Of course there are a hundreds of ways to make guacamole and always have been. There never was a single ur-recipe.

They don’t make ur- like they used to.

I haven’t used it in years, but my “secret ingredient” for guac used to be a drop of liquid smoke.

A college roommate of mine used bacon. It wasn’t bad, just kind of outside what I wanted when I wanted guacamole.

No, that’s guacamole mixed with pico de gallo.

Well, I don’t claim to be a guacamole expert, but I just looked at ten recipes online and they all had most or all of those ingredients.

Then all ten of those recipes are wrong. Chunky guacamole is an aberration.

I surrender. You’re right and the rest of the guacamole-eating universe is wrong. It’s certainly not worth the time spent here arguing about it.

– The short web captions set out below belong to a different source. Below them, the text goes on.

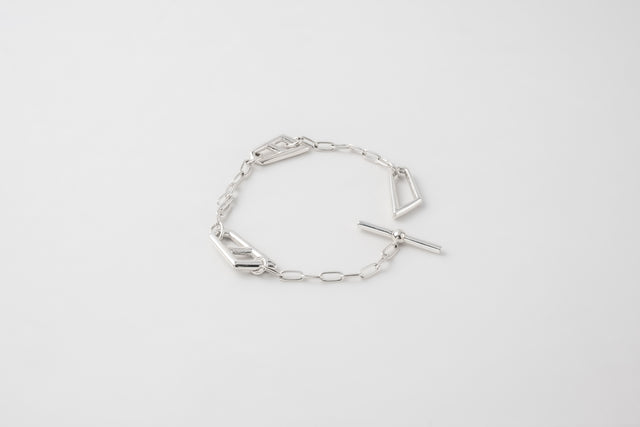 Strugadesign Bracelet asymmetric minimslistic.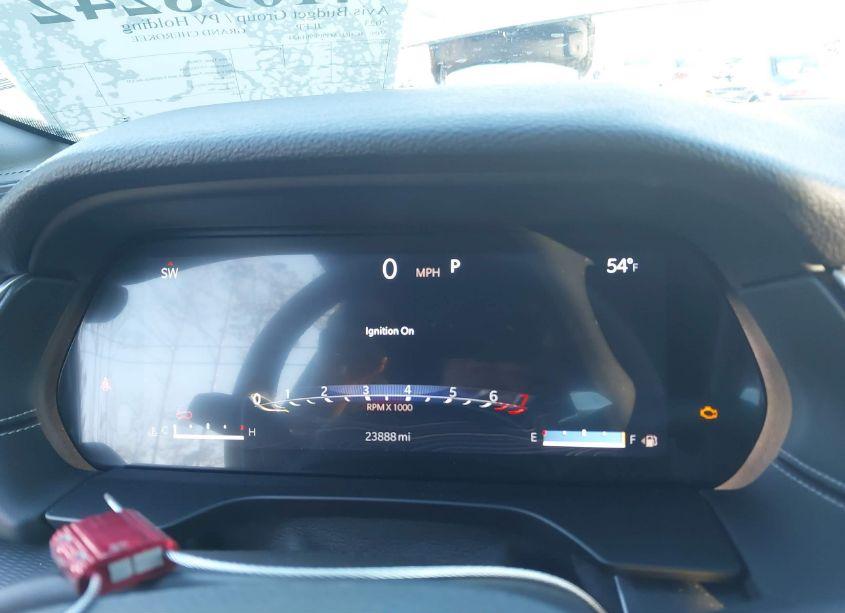 Photo 7 of 2023 Jeep Grand CHEROKEE L ALTITUDE 4X2 (VIN 1C4RJJAG9P8901434)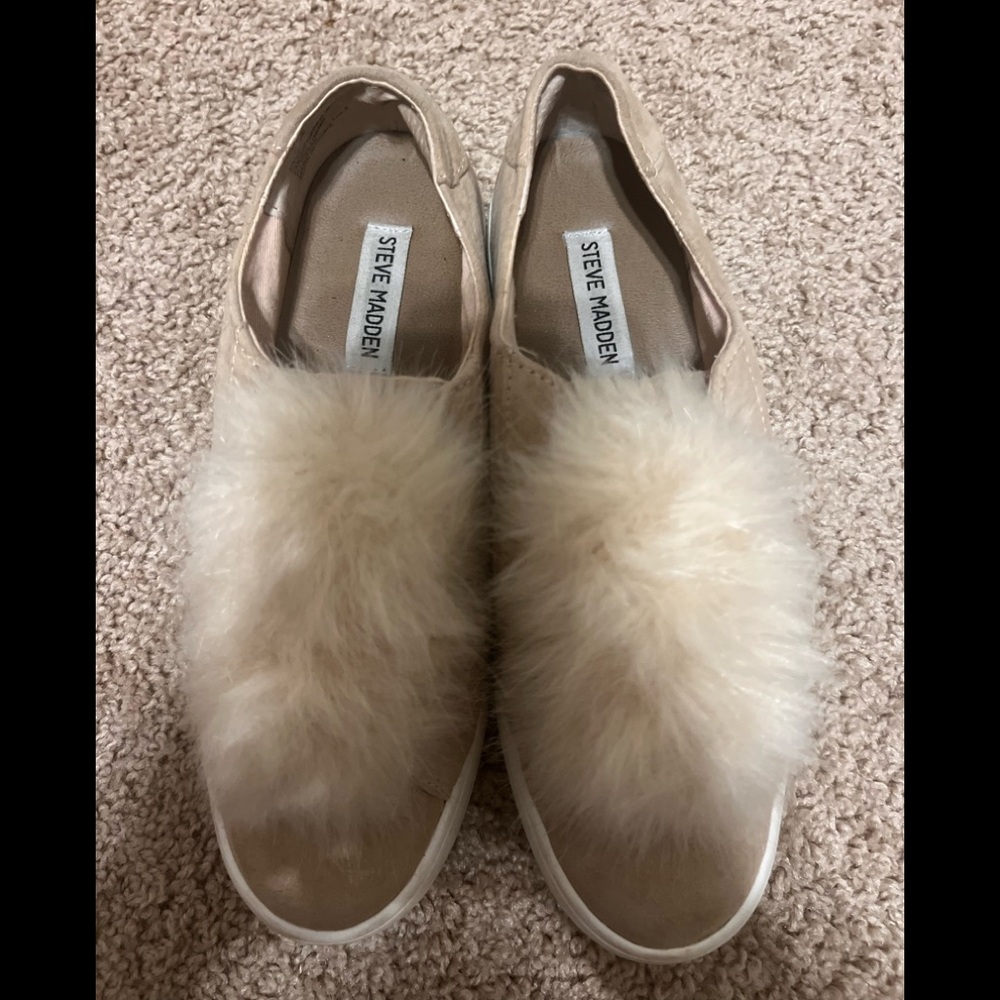 Steve Madden Women Bryanne Fashion Sneaker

I think guacamole is avocado, citrus juice and salt, mashed enough to be scoopable but not soupy. You can put other stuff in and it’s still guacamole. Like pizza or hot dogs, I guess. What would you tell someone saying, “I don’t like hot dogs, too much sauerkraut, cream cheese, hot peppers and mayo.”

For dipping chips, I’d rather the effort and expense went into an interesting salsa.

I usually bring a week’s worth of lunches to work with me on Mondays and my routine for a long time has, more often than, not included two avocados. I eat half a day, four days a week, slice with a little salt. At times, I’ll bring a lime and squeeze a little juice or maybe a grilled jalapeno but avocado’s really best almost plain.

This. Avocado is what makes guacamole guacamole, not tomatoes or onions or hot sauce or peas or anything else you’re adding to it. Cut an avocado open, scoop out the flesh, and smash it with a fork - guess what? That’s guacamole.

Well, they did go out of business around the 5th century BC. Any product left on the shelves is likely to be mighty stale.